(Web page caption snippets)
*** Begin section ***

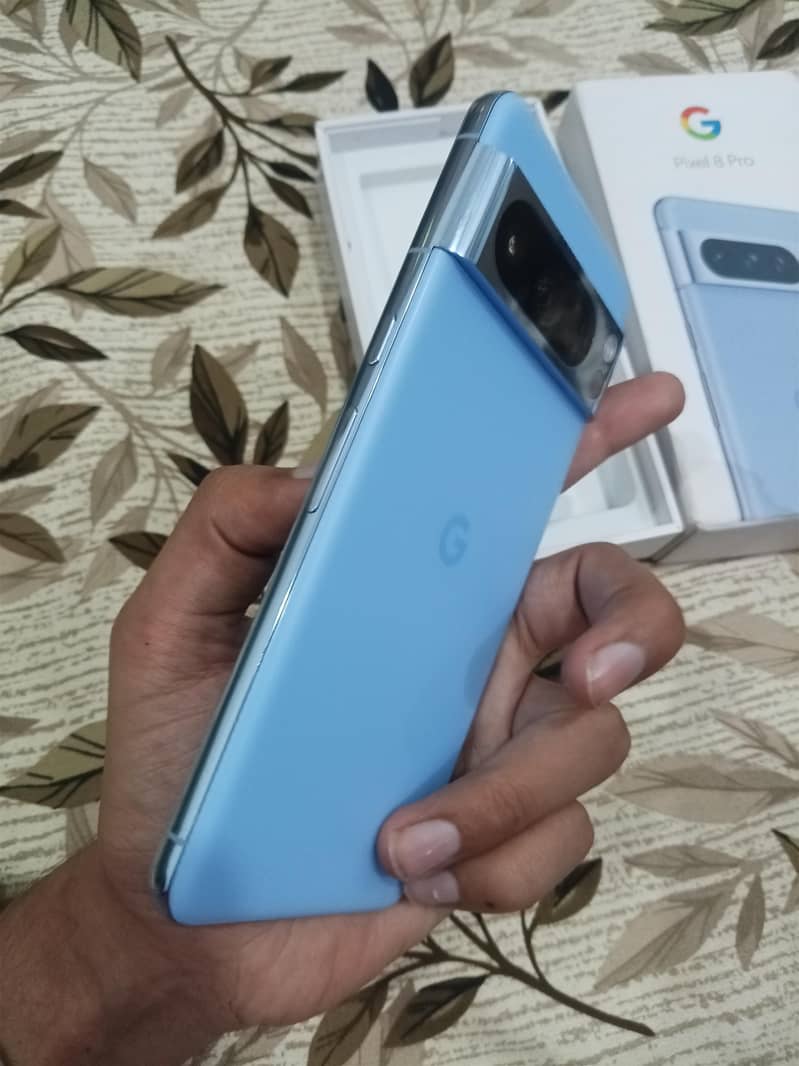 Google Pixel 8 Pro 4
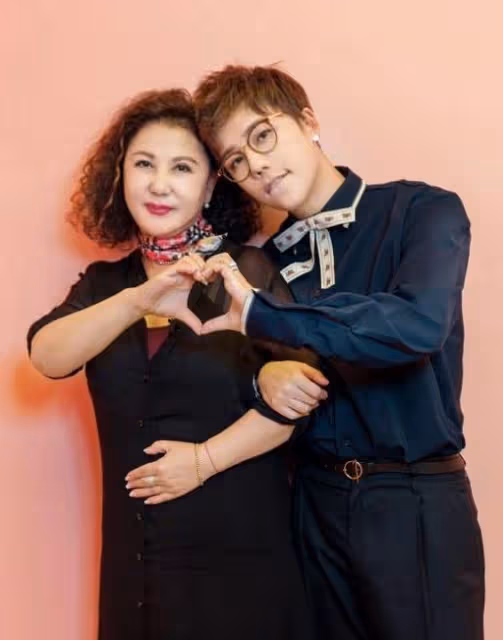 劉維母親患癌暫退娛樂圈,工作室已宣布解散,小瀋陽謝娜幫忙找醫院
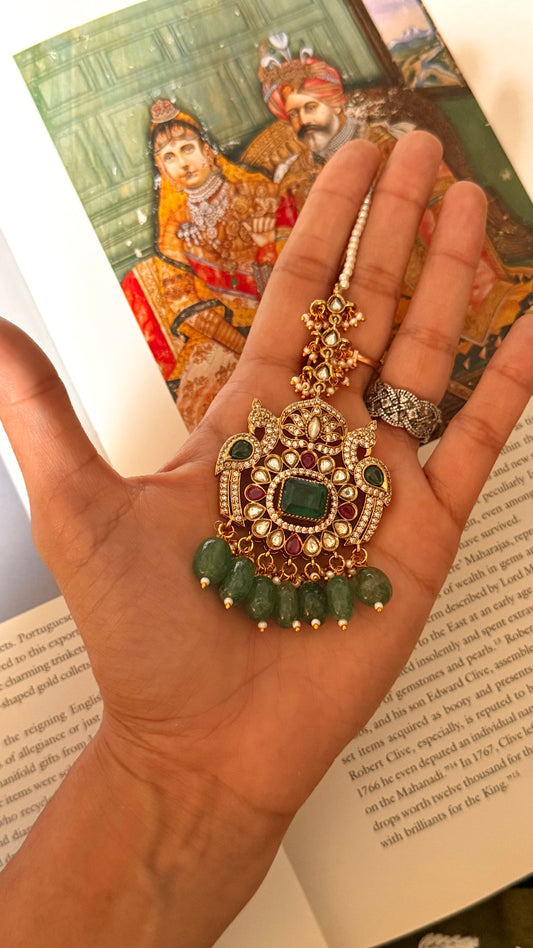 Emerald doublet & rani pink maangtika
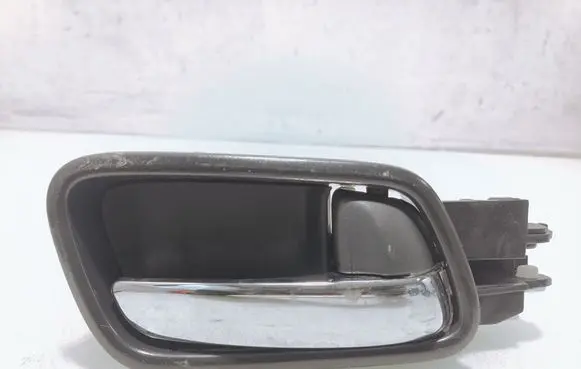 Honda CR-V Front door interior handle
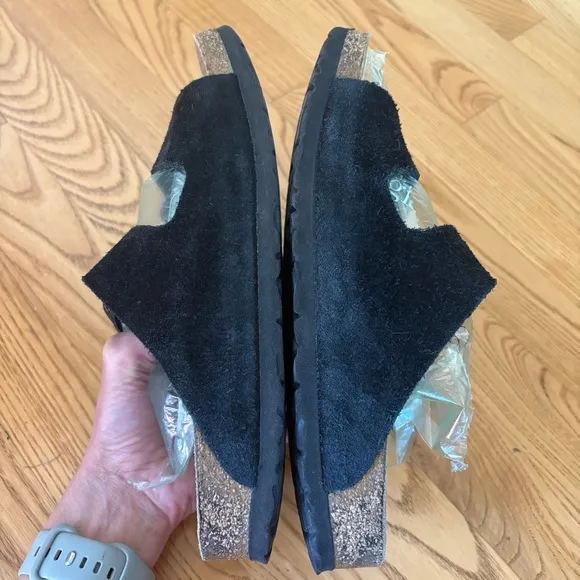 Birkenstock Arizona Black Suede Sandals Soft Footbed Size 39 US Adjustable Shoes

*** End section ***

▶ INSTRUCTIONS FOR THE TASK
Copy all the entries above exactly as they stand, except for the pictures.

▶ YOUR RESPONSE
 Google Pixel 8 Pro 4
 劉維母親患癌暫退娛樂圈,工作室已宣布解散,小瀋陽謝娜幫忙找醫院
 Emerald doublet & rani pink maangtika
 Honda CR-V Front door interior handle
 Birkenstock Arizona Black Suede Sandals Soft Footbed Size 39 US Adjustable Shoes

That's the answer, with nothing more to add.